O futuro será digital, porém…
Muito tem se falado sobre a morte anunciada da mídia impressa. São muitos os futurólogos que lhe atribuem sobrevida muito curta; outros, um pouco mais otimistas, fazem projeções um pouco melhores, mas também não hesitam em determinar o fim inexorável da letra impressa; outros, ainda, resistem a acreditar neste destino fatídico e tão radical. Sem dúvida, estou entre esses últimos.
Simplesmente, não consigo vislumbrar um mundo sem livros. Não imagino que a mídia eletrônica consiga, um dia, oferecer uma experiência multissensorial melhor, ou sequer semelhante, àquela que sintimos ao folhear um bom livro.
Apesar de acreditar que o futuro será digital, também acredito [ou pelo menos torço para que isso aconteça rsrsrs] que a mídia impressa perdurará ainda por um bom tempo, pois ao contrário do pensamento de muitos, acredito que ainda existe muito a ser explorado no meio impresso.
Vejam abaixo um uso inusitado e muito criativo da mídia impressa no trabalho do designer novaiorquino Reiner Tiangco, que ilustra muito bem o que quero dizer com: “ainda existe muito a ser explorado…”

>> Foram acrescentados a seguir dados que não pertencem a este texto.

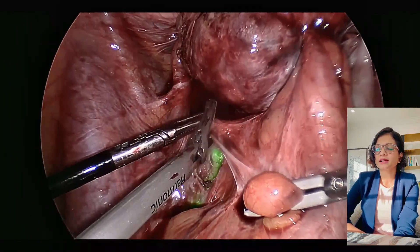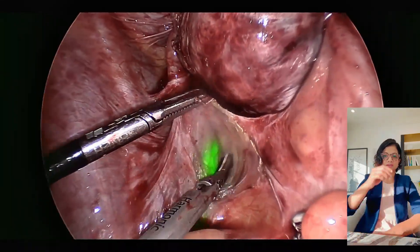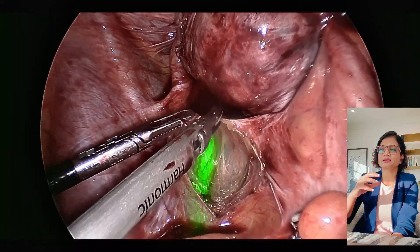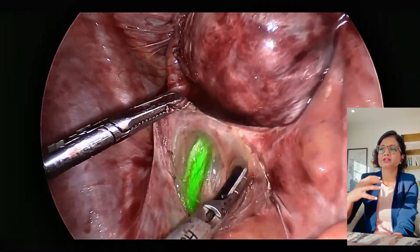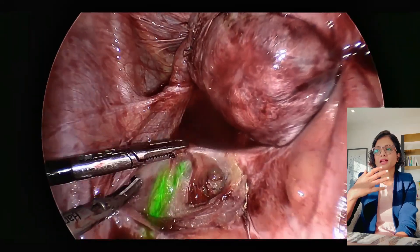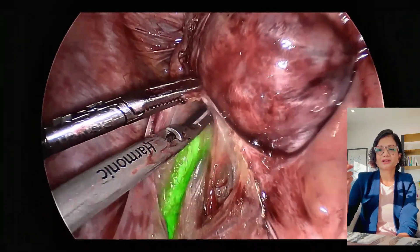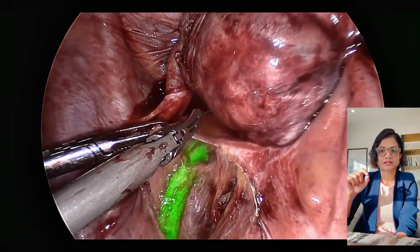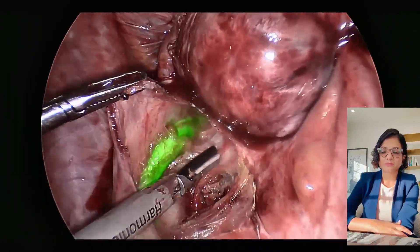This is stage 4 endo which had bowel involved as well, and the sigmoid and the rectum had been adhered to the back of the uterus or the uterine torus. Like I mentioned in my previous video, this is a continuation from that only because I wanted to show how ICG differs with robotic as well as laparoscopy.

Muito bom o trabalho desse designer. A mensagem é exactamente o não ter o pudor de “sujar as mãos”, porque essa sujidade também é produtiva. A questão digital afasta-nos cada vez mais da realidade empírica das coisas. Mesmo enquanto designer gráfico muitas vezes trabalho de tal modo afastado e com prazos tão apertados que não tenho tempo para ir sentir os papéis, sentir o cheiro das tintas, ouvir os gritos das máquinas que regorgitam as cores. Eu colecciono tipo de chumbo (caracteres metálicos em relevo espelhado usados para impressão e tipografia que ainda se usam em algumas peças de papelaria em casas mais antigas) e apesar de saber o quanto isso foi reflexo de uma era suja, poluente, era maior a envolvência no processo, valorizando o resultado. Quanto aos livros… não acredito que se extingam. É um património, um objecto de culto. Quem lê por gosto, e em qualquer sítio, gosta de sentir o mono, namorar a capa, usar o marcador para sinalizar o percurso lido, e o quanto falta… e as prateleiras de uma casa, de uma escola ou biblioteca? O quão vazia seria sem as lombadas e os tombos… somos seres racionais, mas ainda não cortámos o laços sensoriais com o mundo. Ainda reagimos aos cheiros, ao áspero e suave, ao preto e ao vermelho. De uma forma um pouco erótica até, quando o conteúdo do livro nos envolve, gostamos mais de tocar as páginas, não? O monitor fica sem magia quando não há electrões, transforma-se num buraco negro, sem vida. O livro abre sempre as portas e revela as suas entranhas, apenas precisa de luz. Quanto muito, num futuro longíquo, o livro será guardado pela memória objectual, mas não esquecido, elevando ainda mais o seu valor.
Amigo Sandro,
Assino embaixo em suas palavras. Concordo com cada uma delas.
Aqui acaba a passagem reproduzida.